Karena itu gampang ditemui tentara dan polisi yang nyambi jadi 
pengaman klub malam, pegawai pemda yang nyambi jadi konsultan, guru 
nyambi jadi tukang ojek, dsb.

--- In wanita-muslimah@yahoogroups.com, "Ari Condro" <masar...@...> 
wrote:
>
> Di kick andy, pernah ada episode yg mengangkat profil kepala 
sekolah di jkt yang juga berprofesi jadi pemulung.
> 
> Mbak belum pernah lihat ?
> 
> 
> salam,
> 
> 
> 
> -----Original Message-----
> From: "amy_widiastuti" <amy_widiast...@...>
> 
> Date: Fri, 26 Dec 2008 17:35:46 
> To: <wanita-muslimah@yahoogroups.com>
> Subject: [wanita-muslimah] Re: Pencitraan SBY dalam Ibu Guru 
Muslimah
> 
> 
> Saya setuju dengan tulisan di bawah.
> Saya pahami bahwa untuk peduli sesuatu, bukan berarti tanpa ukuran 
> yang benar. Misalnya memberi penghargaan berupa gelar PAHLAWAN, 
bukan 
> berarti diberikan dengan gampang kepada Naga Bonar, Si Pitung, Jaka 
> Sembung bahkan Bang Ji-i.
> Terlalu naif bila kita tutup mata terhadap siapa yang layak 
> mendapatkan penghargaan sebenarnya.
> Selama ini, sebenarnya kita dipaksa sepakat dengan 
slogan "Rendahnya 
> kualitas pendidikan karena kurangnya penghargaan pada guru".
> Dari jaman dulu kala, Guru bukanlah profesi untuk menjadi kaya. 
Guru 
> adalah profesi pengabdian, sampai-sampai guru digelari Pahlawan 
tanpa 
> tanda jasa. Menjadi salah kaprah bila guru dijadikan profesi "bisa 
> kaya". Hal ini akan mengurangi semangat pengabdian seorang guru. 
> Karena guru akan saling melihat kekayaan guru lainnya. Padahal kaya 
> atau tidaknya seseorang tergantung takdir Tuhan.
> Bila dianggap profesi, secara materi, guru didesain untuk menjadi 
> orang cukup. Tidak kaya, tapi juga tidak miskin, tetapi secara 
strata 
> sosial, guru selalu ada di papan atas.
> Mengukur kesejahteraan guru juga berbeda-beda. Saya lahir dari 
> keluarga guru di kota kecil, dan saya berpengalaman ke pelosok2 
tanah 
> air, tak pernah menjumpai guru antre zakat, juga tak menjumpai guru 
> bermobil BMW. Bahkan dari jaman sebelum merdeka sampai sekarang, 
tak 
> ada kelurga guru yang kelaparan, tak ada keluarga guru yang buta 
> huruf tak mampu sekolah.
> Isu guru terlalu dibesar2kan, terutama menjelang PEMILU, karena 
guru 
> sangat potensial menjaring suara pemilih pemula.

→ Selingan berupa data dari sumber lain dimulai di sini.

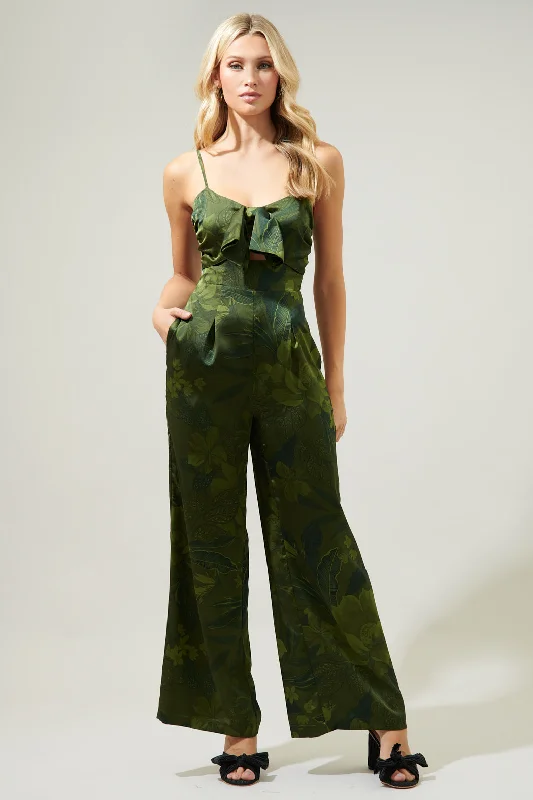 Stylish Women's Clothing Ivy Tropics Raleigh Cut Out Straight Leg Jumpsuit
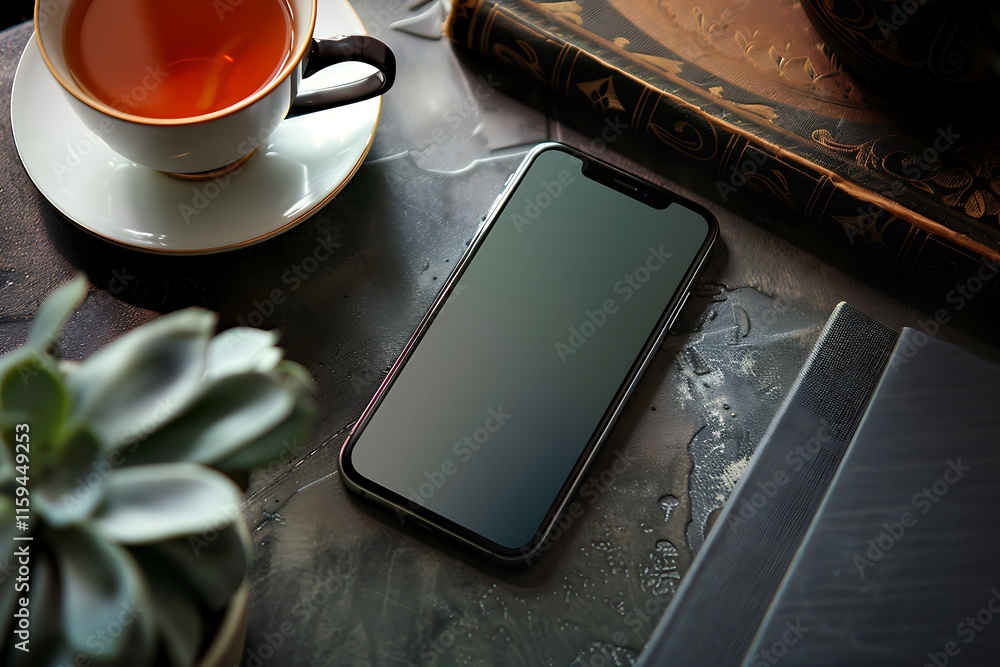 Poster modern smartphone with blank mockup screen for product display and advertisement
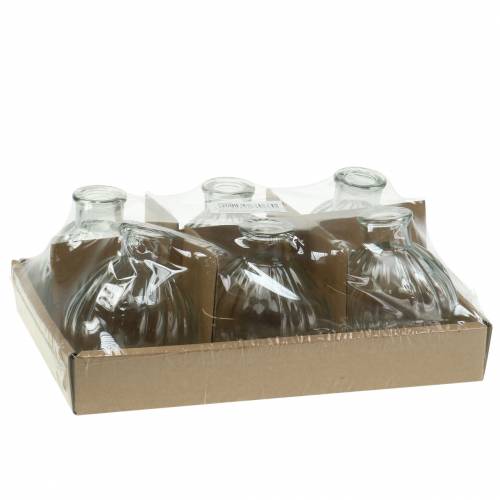 Floristik24 Dekoracyjny szklany wazon z rowkami Ø6,8cm W7,7cm 6 sztuk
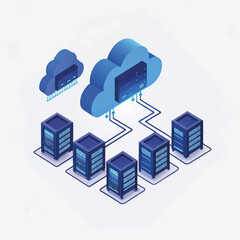 Poster - Cloud computing network with servers in blue isometric style  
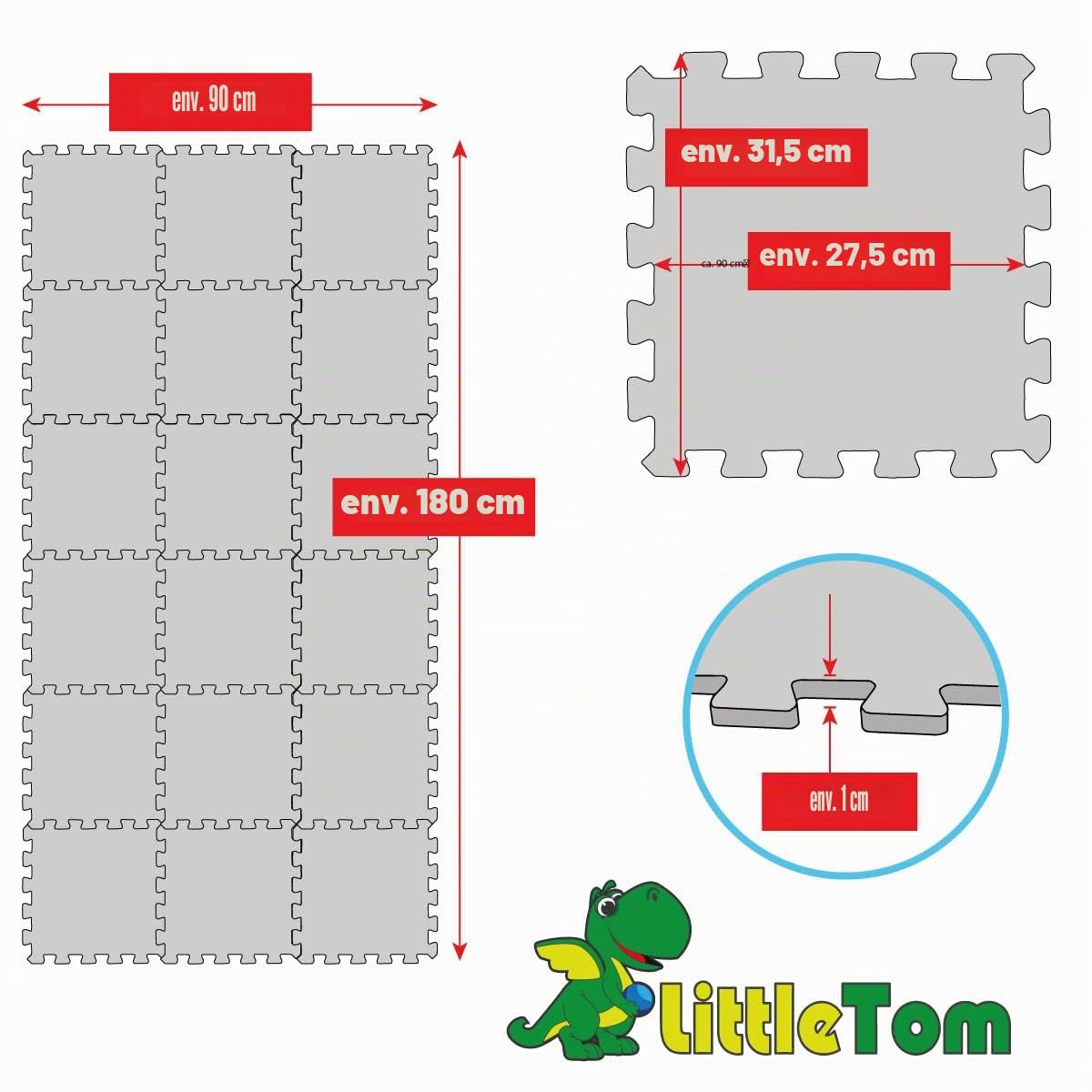 LittleTom 18 Tapis de Sol épais - Bébé et Enfant dès 0 Mois 30x30 Dalles Puzzle Carré en Mousse EVA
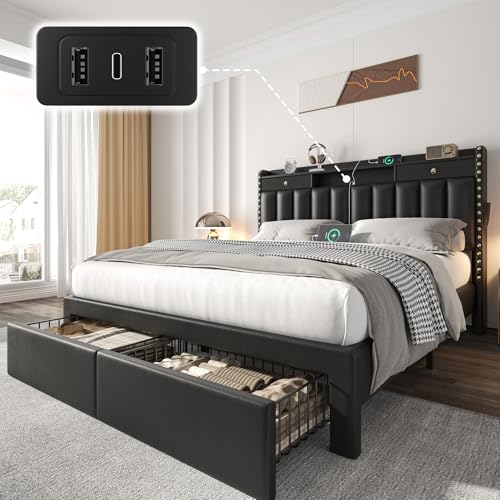CypBed Full Size Bed Frame with Headboard & 2 Storage Drawers &Black | Upholstered Platform Bed Frame with 3 USB & Type-C Charging Ports, Solid Wood Slats, No Box Spring Needed, No-Noise - color: Black, size: Full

> So what dengan kesejahteraan guru? 
> 
> --- In wanita-muslimah@yahoogroups.com, "L.Meilany" <wpamungk@> 
> wrote:
> >
> > Kalo baca buku 'laskar pelangi the phenomenon' ; ternyata kisah 
> laskar pelangi ini mencerahkan.
> > Banyak kesaksian dari orang2 yg mula2 terpuruk, putus asa, tidak 
> semangat, yg malu jadi guru
> > menjadi terbangkitkan rasa percaya dirinya setelah baca laskar 
> pelangi.
> > 
> > Bahkan kemudian orang2 tionghwa beramairamai pulang kampung ke 
> Belitong.
> > Rumah Bu Mus juga disambangi banyak orang untuk sekedar 
berfotoria, 
> minta tanda tangan.
> > 
> > Murid2nya selain Ikal, seperti Mahar, A Kiong, Kucai juga memberi 
> kesaksian serupa tentang peranan
> > Bu Mus dalam karir mereka selanjutnya.
> > 
> > salam, 
> > l.meilany
> >   ----- Original Message ----- 
> >   From: Ary Setijadi Prihatmanto 
> >   To: wanita-muslimah@yahoogroups.com 
> >   Sent: Wednesday, December 10, 2008 7:54 AM
> >   Subject: Re: [wanita-muslimah] Pencitraan SBY dalam Ibu Guru 
> Muslimah
> > 
> > 
> >   Menurut saya artikelnya menggunakan sudut yang nggak pas.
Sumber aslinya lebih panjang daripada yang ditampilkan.